In Rister, the UM claimants' policy contained a provision which defined an uninsured motor vehicle to include one whose liability insurer had denied coverage. Id. at 133. The liability insurer expressly denied coverage by letter and offered to defend under a reservation of rights. Thereafter, the liability insurer changed its position and made an offer of settlement which was accepted by the claimants. Id. at 133–34. This Court held that, “[w]hen a liability insurer, after an initial denial of coverage, extends an offer in settlement, it may be said it has only conditionally withdrawn its denial.

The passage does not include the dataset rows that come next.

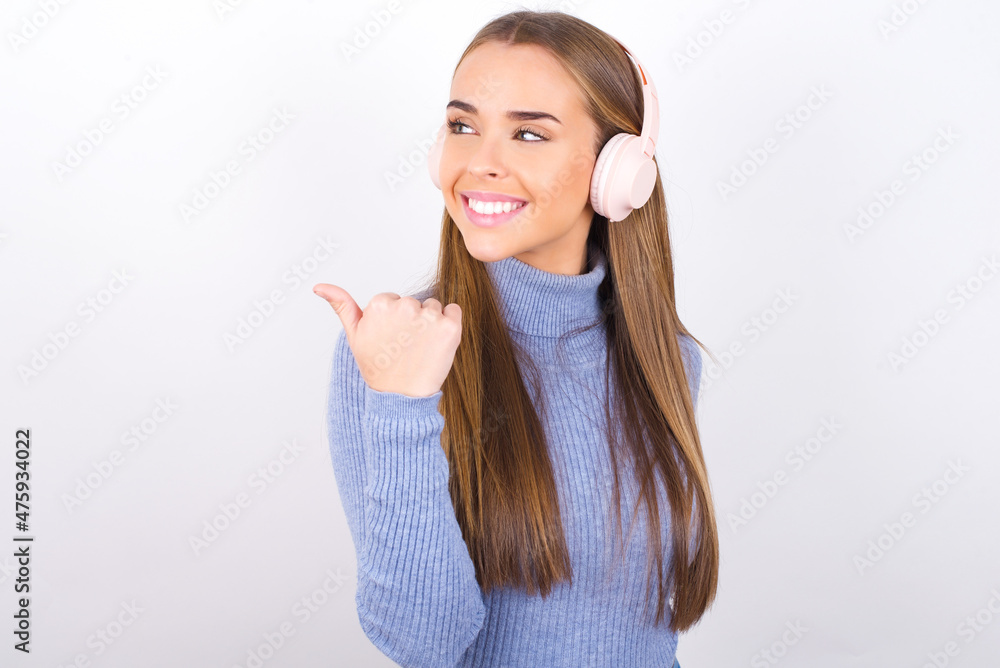 Young caucasian girl wearing blue turtleneck over white background listens audio track via wireless headphones points thumb away advertises copy space Young caucasian girl wearing blue turtleneck over white background listens audio track via wireless headphones points thumb away advertises copy space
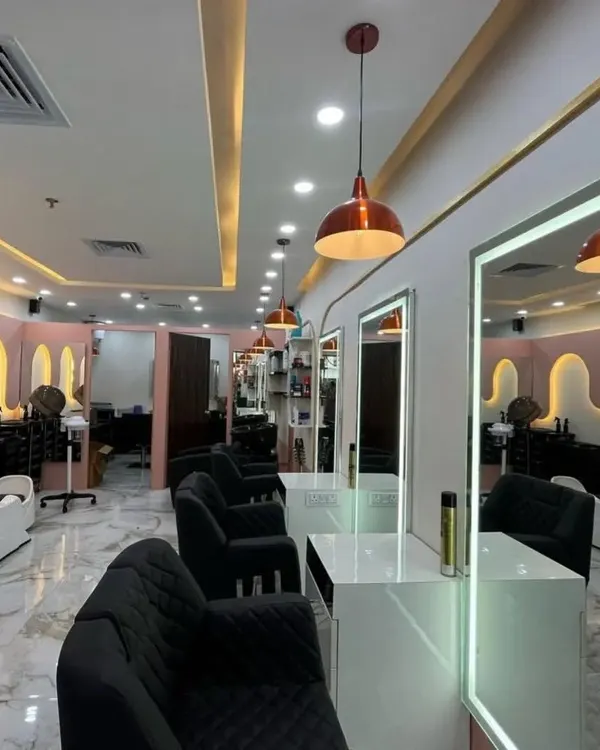 A wide view of our salon interior at the AIPL Business Club, Sector 62. We've designed the space with modern aesthetics, comfortable seating, and professional lighting to ensure a premium experience for every client.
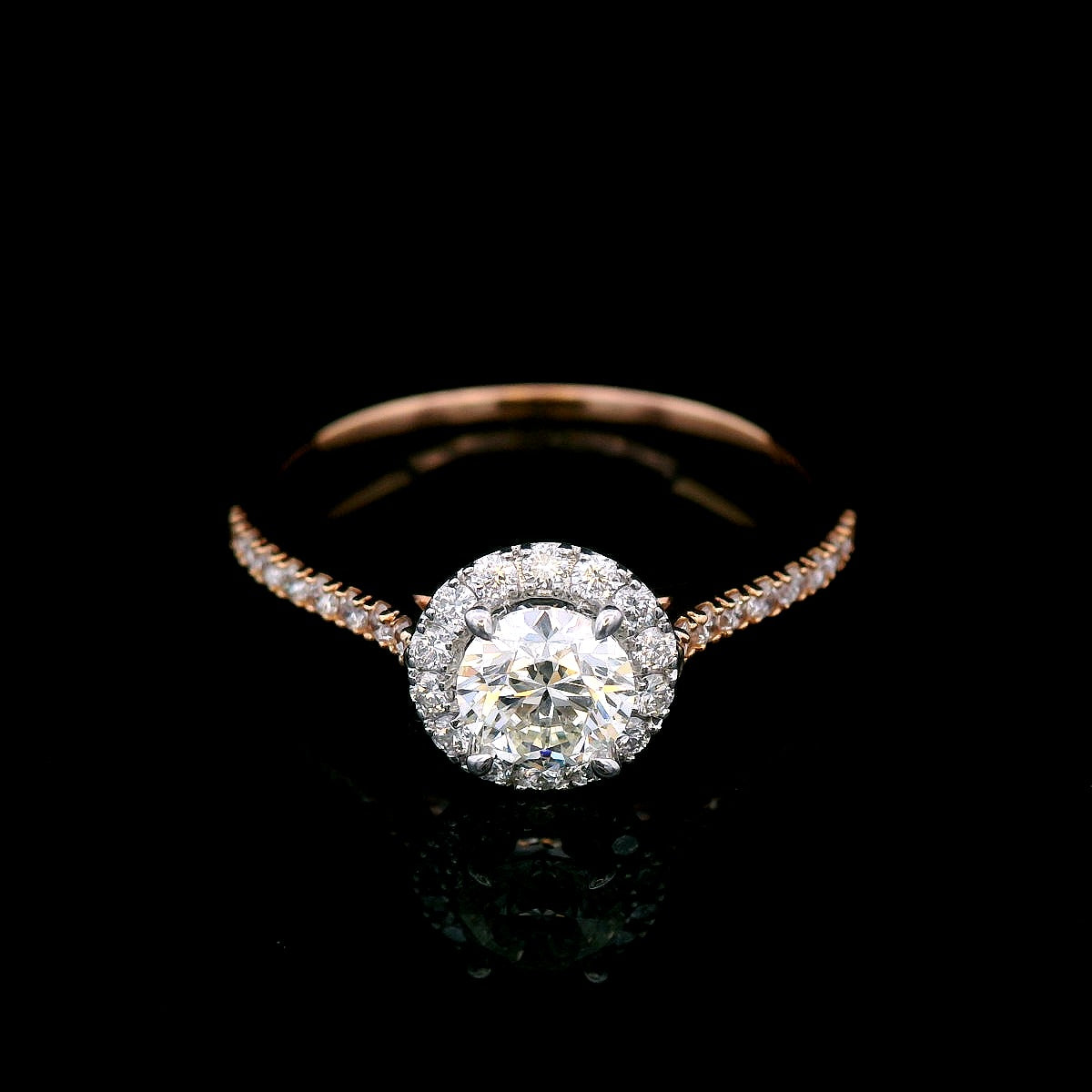 Diamond Halo Engagement Ring in18 Carat Rose Gold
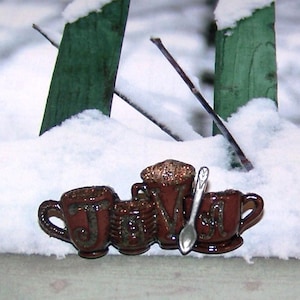 May include: A brown ceramic coffee-themed pin with the letters "JAVA" and a small silver spoon. The pin features four coffee cups and is set against a snowy background with green fence posts.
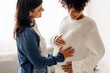 © (JLco) Julia Amaral - Happy woman touching a surrogate mother's belly bump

However, when such an offer is accepted, the liability insurer no longer denies coverage.” Id. at 136. Relying on this language, Bedell argues that she is entitled to UM benefits because State Farm's month-long investigation constituted a denial of coverage. We disagree. There was never a denial of coverage by State Farm. After conducting the investigation, State Farm expressly admitted coverage and later offered its $25,000 policy limits to settle Bedell's claim. Therefore, Rister is factually distinguishable and provides no support for Bedell's argument. Point III is denied.
The Shelter policies do not contain a similar provision. Given the basis for our disposition of this point, we need not address the effect, if any, of that difference in policy language.
The judgment of the trial court is affirmed.